The article feels connected to the manifold hypothesis, where the function we're modeling has some projection into a low dimensional space, making it possible to model. I could imagine a similar thing where if a potential function has lots of ridges, you can "glue it together" so all the level sets line up, and that corresponds with some lower dimensional optimization problem that's easier to solve. Really interesting and I found it super clearly written.

tech_ken•5mo ago
> Are there methods that specifically apply this idea?

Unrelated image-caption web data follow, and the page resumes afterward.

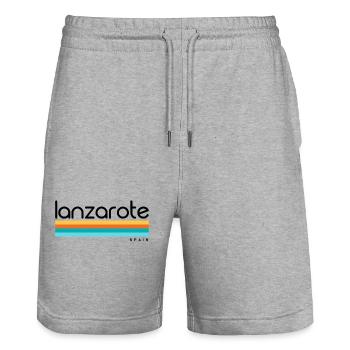Lanzarote - Espagne - Espagne - Espagne - Îles Canaries - Short de jogging bio TRAINER Stanley/Stella unisexe - gris chiné - Devant - Nik (191cm) & Marisol (170cm)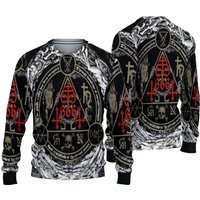Satanic 666 Horror Christmas Ugly Sweater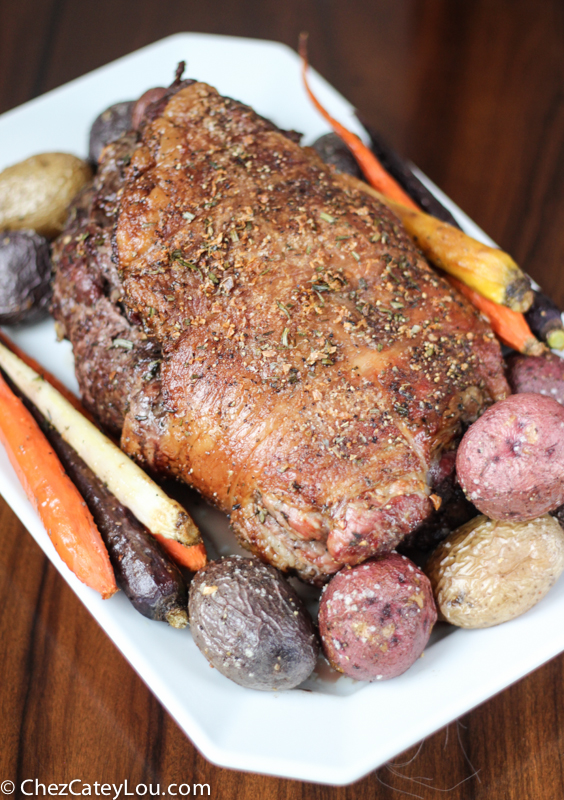 Roasted Boneless Leg Of Lamb Recipe — Dishmaps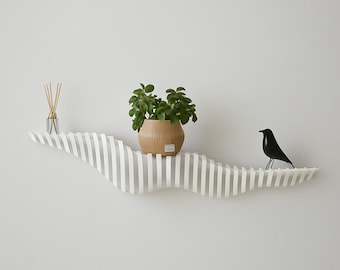 SoftWave XL Shelf – 30 in Extra‑Long Wave Shelf with Invisible Bracket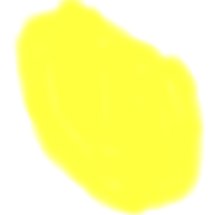 gelber Farbfleck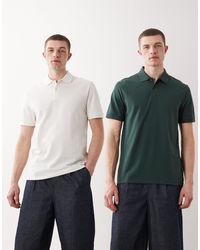 ASOS - – 2er-pack basic-polohemden aus pikee - Lyst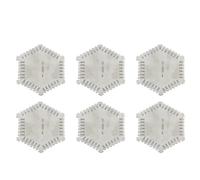 Giwnhvx Lot de 6 peignes hexagonaux de haute précision en acier inoxydable pour film humide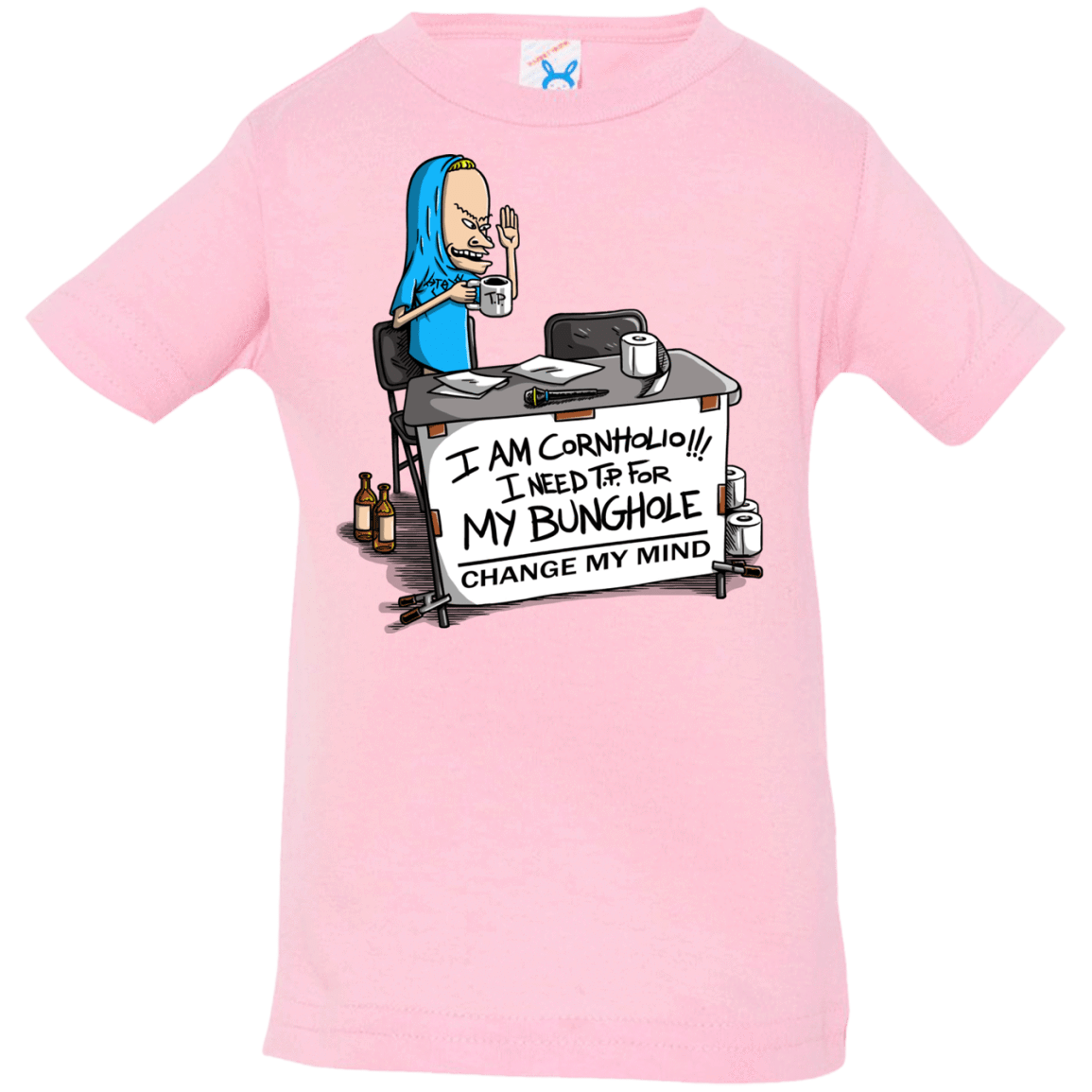 T-Shirts Pink / 6 Months Beavis Change My Mind Infant Premium T-Shirt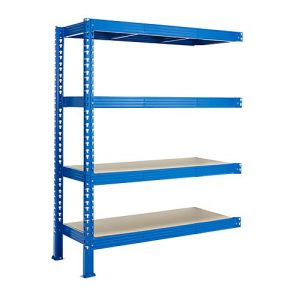 Anbaufeld, Weitspann-Steckregal, 4 Böden, H 2000 x B 1525 x T 600 mm Anbaufeld, Weitspann-Steckregal, 4 Böden, H 2000 x B 1525 x T 600 mm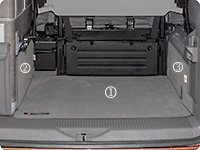 Protección para el maletero VW T6.1 California Ocean/Coast, diseño "Palladium"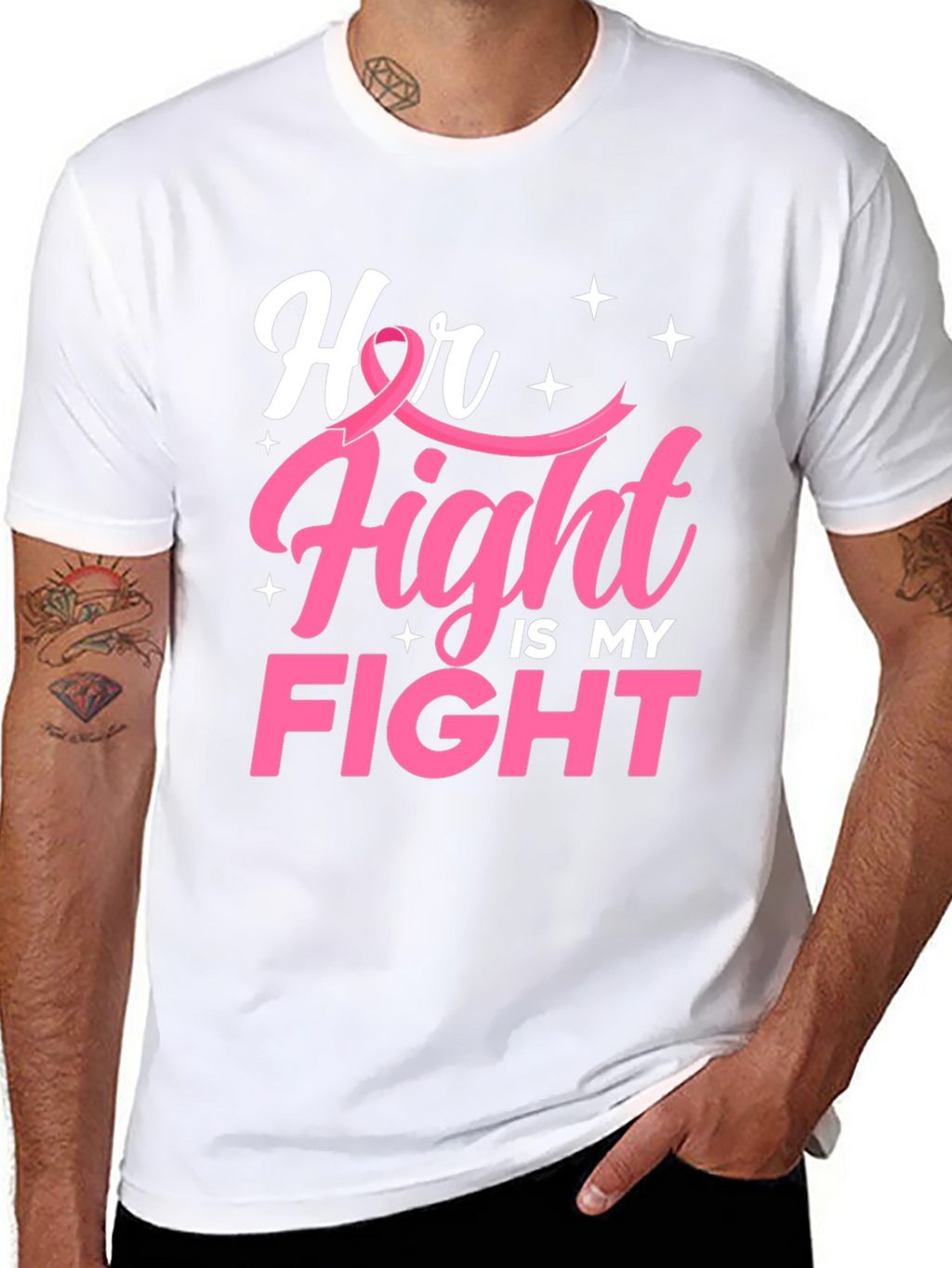 Her Fight Is My Fight Breast Cancer Awareness T-Shirt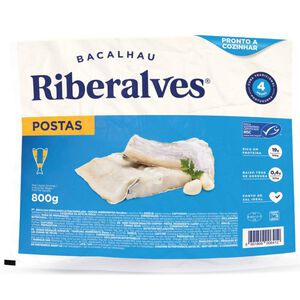 Postas de Bacalhau 4 Meses de Cura MSC Ultracongelado Riberalves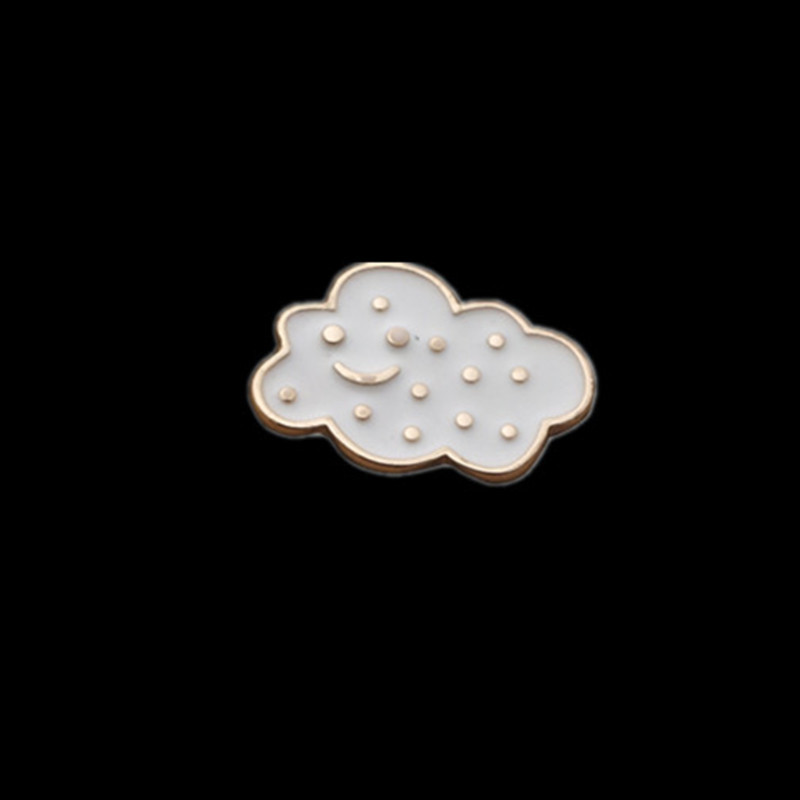 Metal Crafts Wholesale Pretty ecofriendly lapel pin memories childhood raincoat umbrella cloud youth enamel pins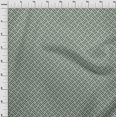 thumbnail image 4 of oneOone Cotton Poplin Sea Green Fabric Asian Block Craft Projects Decor Fabric Printed By The Yard 42 Inch Wide, 4 of 4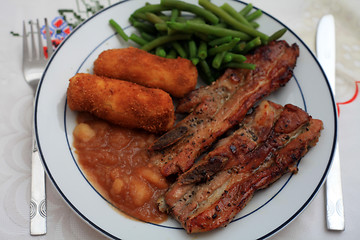 Image showing small Belly pork meal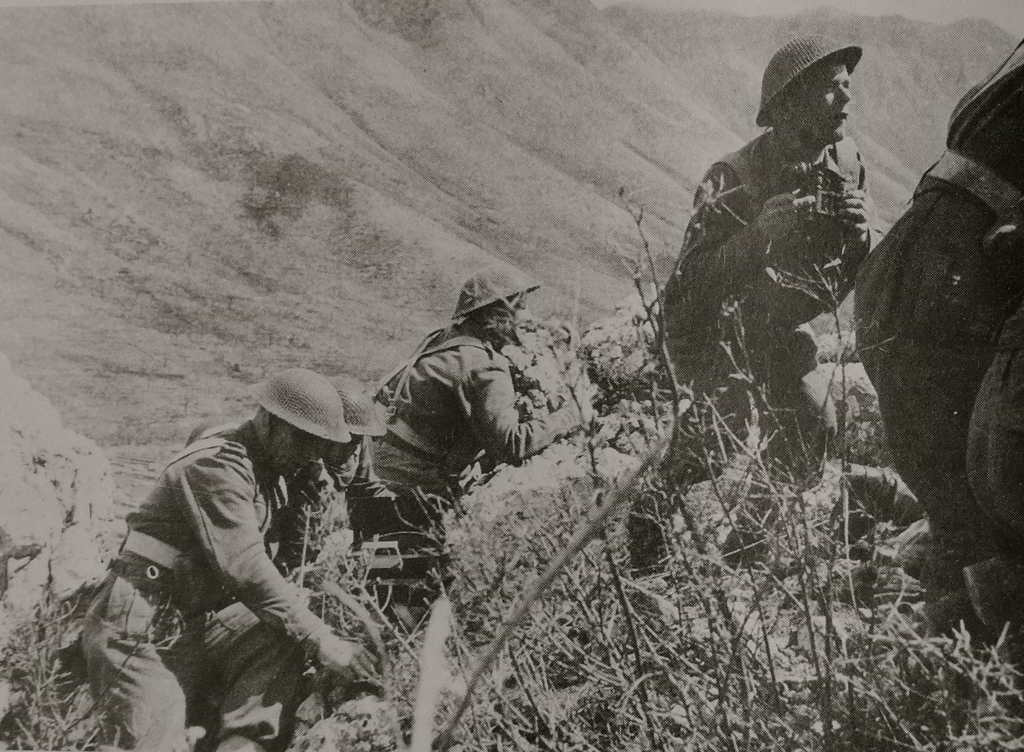 <p>Maggio 1944. Soldati polacchi verso le posizioni tedesche di Pizzo Corno.</p>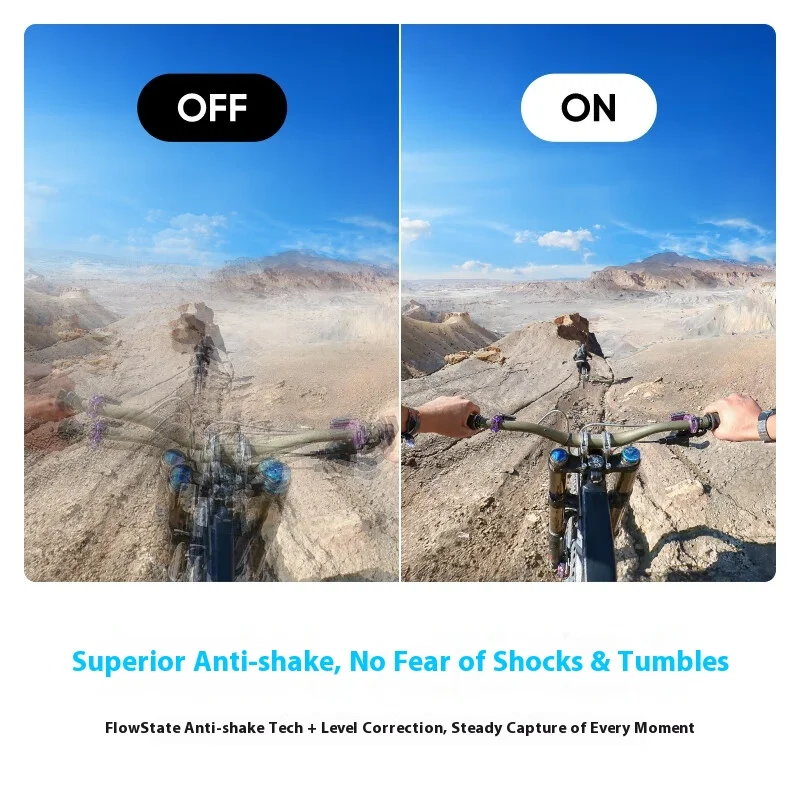 Insta360 GO 3S كاميرا الحركة الصغيرة 4K أسود أبيض 39g 64G 128G Action Pod AI تحرير مقاوم للماء FlowState Insta 360 GO3S أصلي #5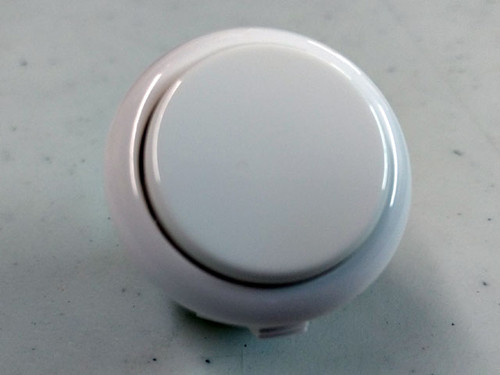 Sanwa Denshi OBSF-30 Solid Colour Snap-In 30mm Pushbutton - White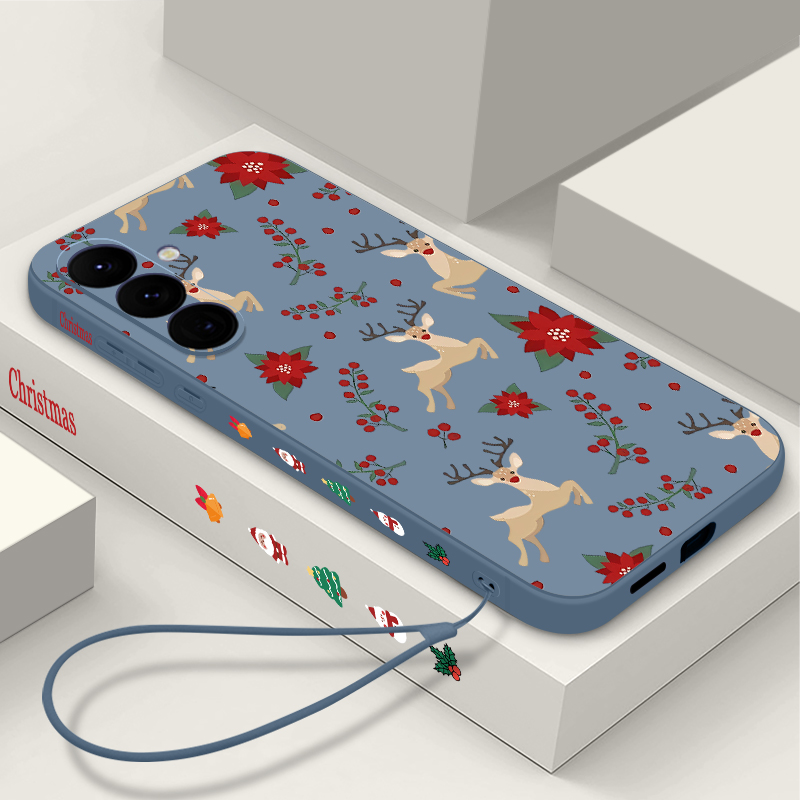 Phone Cases Red Deer - Casing Ponsel Pola Bunga Rusa Merah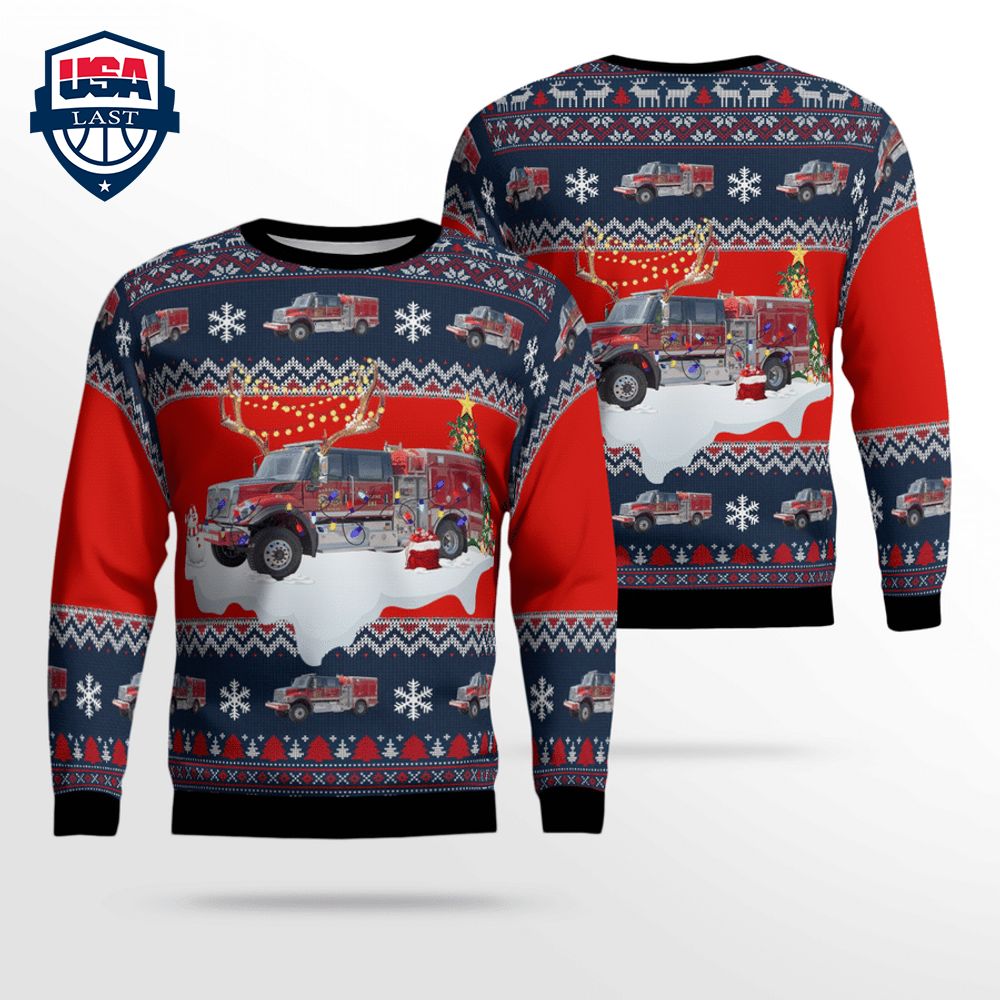 California Paradise Fire Department 3D Christmas Sweater – Saleoff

Stochastic gradient descent is basically this (not exactly the sane, but the core intuitions align IMO). Not exactly optimization but Hamiltonian MCMC also seems highly related.

> I could imagine a similar thing where if a potential function has lots of ridges, you can "glue it together" so all the level sets line up, and that corresponds with some lower dimensional optimization problem that's easier to solve.

Excellent intuition, this is exactly the idea of HMC (as far as I recall); the concrete math behind this is (IIRC) a "fiber bundle".

evanb•5mo ago
HMC was essentially designed to mix random walks (the momentum refresh step) with gradient descent (that is, the state likes to 'roll down the potential' ie. minimize the action (loss)).